First, "Internet censorship" is at best a misleading name for the column because "censorship" is something governments do, not individual companies. Second, if we were to rename it to something like "results filtering" or some such, I disagree that this should be a simple "Yes/No" table column at all. There is a wide range of nuance in what would constitute such result filtering, and that cannot be adequately captured in a Yes/No button, like you can with "Is HTTPS available?" This subject is far too nuanced and contentious to be adequately summarized in a table Yes/No column. The discussions should appear at the articles for each browser. Agree? Zad68 (talk) 17:45, 2 April 2012 (UTC)

I don't see the problem with yes/no values. Eg. hiding children pornography from search results is wanted feature in most cases, but if it happens with no using setting it is censorship. I also have no idea on why you think that "censorship" is the word only describing the governments' practices; it describe action regardless its subject. — Dmitrij D. Czarkoff (talk) 17:54, 2 April 2012 (UTC)
The classical, legal definition of "censorship" is indeed limited to something governments do. It isn't technically correct to call what TV networks do when they bleep the f-word out of movies "censorship." TV networks can broadcast the f-word all day long, but they will get fined for it, as well as probably lose advertising revenue. Theirs is a business decision. In particular, it was not "censorship" when Google refused to carry abortion-related ads. You write "it describe action regardless its subject," but this gets it backwards: it's not the subject matter, it's the actor. If we're writing an encyclopedia, we should choose words for their correct meaning. However I'll stipulate to the fact people use "censorship" much more casually. So, to our discussion:
  • First could you please read Criticism_of_Google#Censorship. All the items you brought up as examples of Google "censorship" are covered here, and then some. Let's go over each one.
  1. Google filters results per requirements from the DMCA
  2. Google refused to run advertisements for Oceana; Google policy has since changed
  3. Google 'delisted' Inquisition, (claiming) not due to content, but due to Inquisition's manipulation of results
  4. Google refused to run advertisements for abortion; Google got sued, policy has since changed
  5. Google results in certain locales removed hate-group results to comply with law, with link to Chilling Effects
  6. Google Auto Complete did not complete for Bittorrent, etc.; search results are still available
On the table you already put the qualifier "Excluding censorship, that is mandated by law, such as compliance to Strafgesetzbuch section 86a and Digital Millennium Copyright Act takedown notices" which covers some of these, Google policy has changed on some, and others relate to Google's advertising policy, and not the search results, and one was due to a group manipulating Google's ranking algorithm.
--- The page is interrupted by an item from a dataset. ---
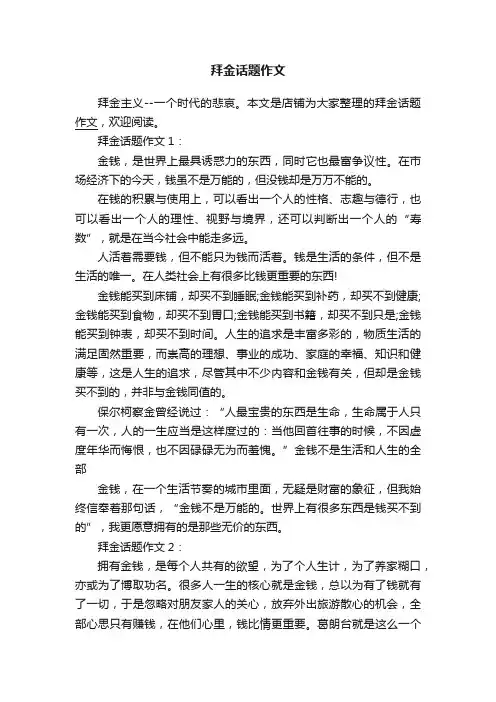拜金话题作文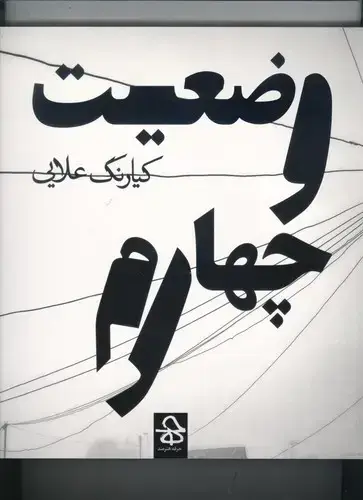 جلد کتاب وضعیت چهارم (عکس های کیارنگ علایی)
Given this, it does not look like Google would qualify to be tagged with a Yes in this column. Do you agree? Again, I think the point here is obvious, that a Yes/No check box is not appropriate, this is far too nuanced. You'd have to write an unfeasibly enormous disclaimer or explanation for the column, bigger than the one you already started, and which is open to question. Zad68 (talk) 18:20, 2 April 2012 (UTC)
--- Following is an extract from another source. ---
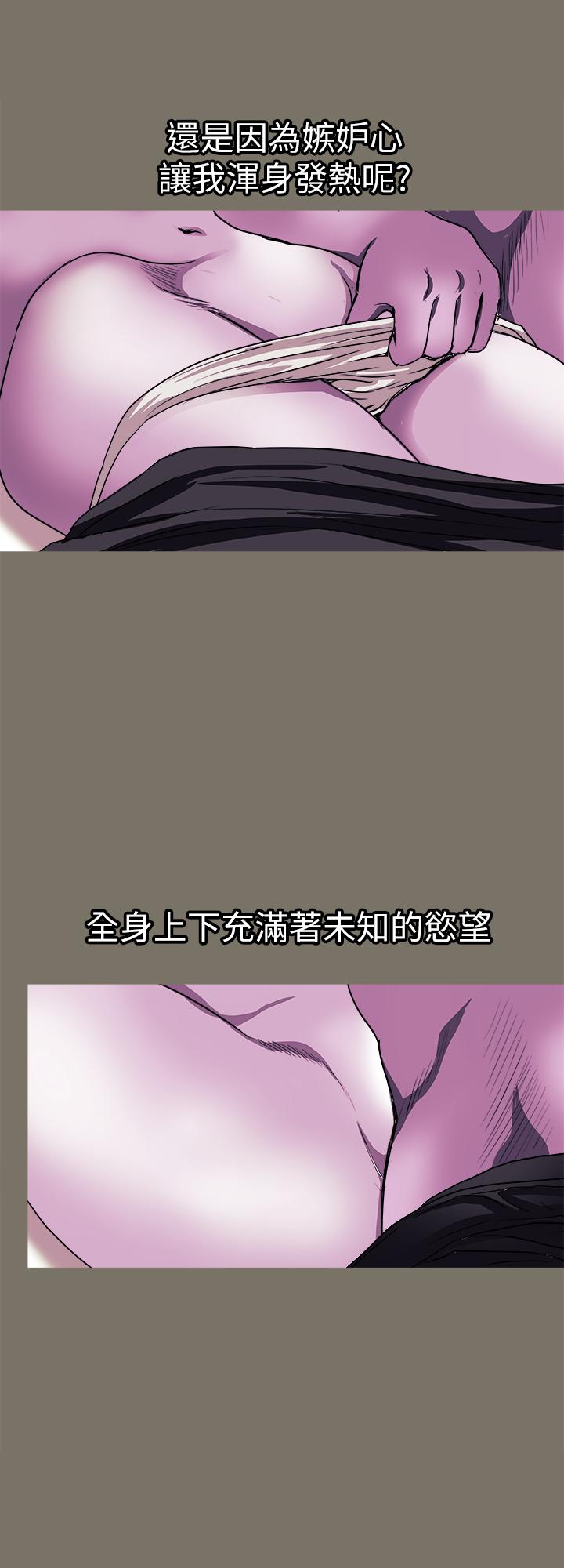 第80话(第2季)-不是说只爱我一人，怎么能...-别人的老婆-Tula , 塔兰（第25张）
The "torrents" case completely qualifies for search censorship, as well as some other cases I just don't have time to search for now. As a matter of fact, several of the censorship issues made me drop my use of Google in favor of DDG back when it was relatively less useful, so I already voted for Google's "yes" here with my legs. Still I fail to see the nuances that would make "yes"/"no" values difficult to set, so may be you could explain me that issue in more detail? — Dmitrij D. Czarkoff (talk) 18:39, 2 April 2012 (UTC)
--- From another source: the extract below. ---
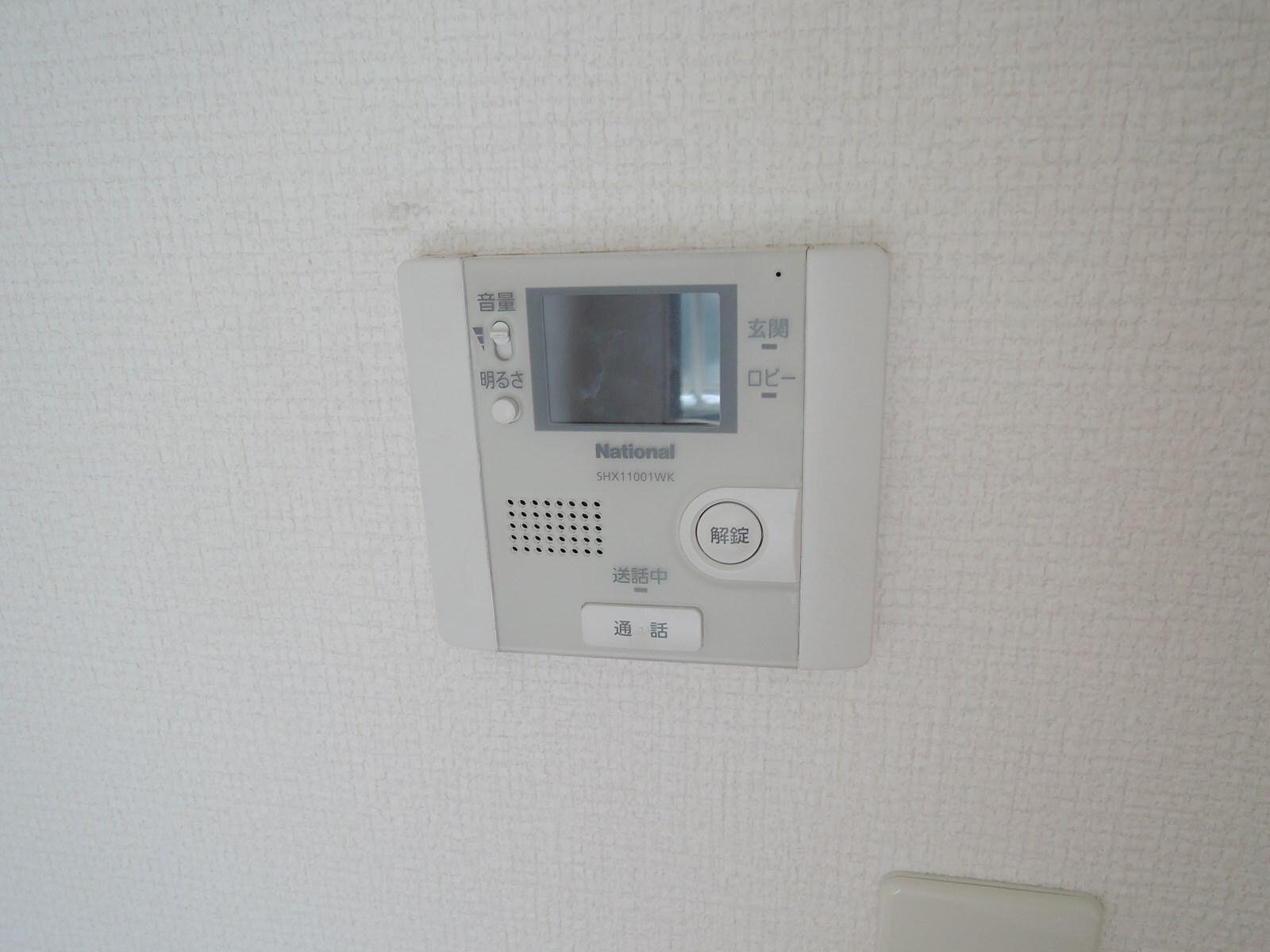 物件内観写真11　(カラーモニターホン)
If you find reliable secondary sources to back you up on the "other cases" you are thinking of, please bring them, you could add them to Criticism_of_Google#Censorship.
The "torrents" case is actually a very good subject to push forward here so that you understand my point. Yes or No, does Google deliver to you search results when you search for "Bittorrent"? If you answer Yes, there is no censorship here. Zad68 (talk) 18:45, 2 April 2012 (UTC)
IMHO this is a clear "yes": instant search is a feature of Google search product, so censoring something there means censoring in Google search. — Dmitrij D. Czarkoff (talk) 19:17, 2 April 2012 (UTC)
You avoided the question: Did you or did you not get results relevant to Bittorrent when you entered that search term into Google's search text entry box, and then pressed ENTER? Also you're now splitting things apart, you admit that Google's search feature has multiple relevant parts that are trying to be addressed under the table entry "Google." Zad68 (talk) 19:23, 2 April 2012 (UTC)
I avoided answering this question (answer: yes, I got them) because it isn't relevant to the topic. The very fact that Google blocks torrent query in "instant search" makes a censorship case. IMHO "censorship" field should be set to "yes" if any features show signs of censorship. — Dmitrij D. Czarkoff (talk) 20:08, 2 April 2012 (UTC)
Making some search results slightly less convenient to get to is not "censorship." It really seems like you are going far out of your way to slap Google with a big red Yes of censorship, using personal interpretations of words so far out of common understanding that it is really misrepresenting the truth. Please reconsider and be more reasonable. If we can't come to consensus on this, let's bring in a half-dozen outside editors to add balance to this discussion. Which direction would you like to go? Zad68 (talk) 14:10, 3 April 2012 (UTC)

──────────────────────────────────────────────────────────────────────────────────────────────────── The whole issue is completely binary: either there are issues on topic or not. If there are issues, it's "yes", if there's no issues, it's "no". And this isn't related to my attitude towards Google: if you spot the source claiming the similar issue on behalf of my favorite DDG, I'll be as passionate in setting it "a big red Yes of censorship". Period, and nothing to reconsider. — Dmitrij D. Czarkoff (talk) 16:34, 3 April 2012 (UTC)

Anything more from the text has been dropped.